Reputation: 776
I am looking for a way to capture text and its paragraph title from a text document.
Text File:
paraTitle-1
--------
Lines and words
empty....
more lines
still part of paraTitle-1
paraTitle-2
--------
Lines and words
empty....
more lines
still part of paraTitle-2
I want to capture both the titles and the text below them.
array = [paraTitle-1: <text...below paraTitle-11>,
paraTitle-2: <text below paraTitle-2>]
I made a few attempts with pattern (?<=(.*))\n----*\n(?=(.*))

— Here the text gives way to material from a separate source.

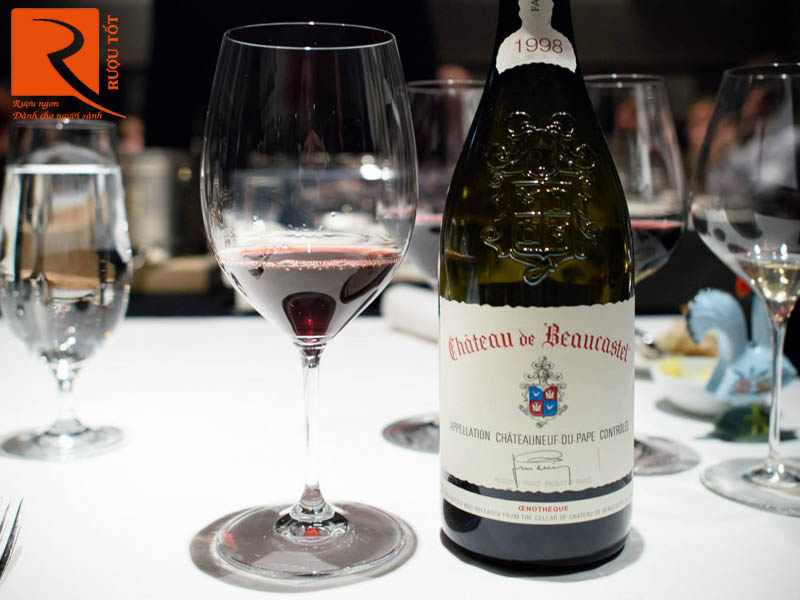 Rượu vang Pháp Chateau De Beaucastel Chateauneuf Du Pape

to no avail. Any guidance would be awesome.
Upvotes: 0
Views: 45
Reputation: 159086
The following regex will do:
(?!--------\R)(.*)\R--------\R((?:\R?(?!.*\R--------\R).*)+)
See regex101.
The title separator line (--------
) can also be specified as -{8}
, which is easier to adjust to variable length if needed, e.g. instead of exactly 8 dashes, it could be 6 or more: -{6,}
Explanation:
Capture a line of text (paragraph title):
(.*)\R
.
doesn't match line break characters\R
matches line breaks, including the Windows CRLF pair. If your regex engine doesn't support \R
, use \r?\n
as a simple alternative.Make sure the captured text is not the title separator line:
(?!--------\R)
Skip the mandatory title separator line:
--------\R
Capture the paragraph text, as a repeating group of lines:
((?:xxx)+)
A line has an optional leading line break (first line doesn't have one):
\R?.*
But make sure the line is not the title of the next paragraph, i.e. it's not a line followed by the title separator line.
(?!.*\R--------\R)
Upvotes: 1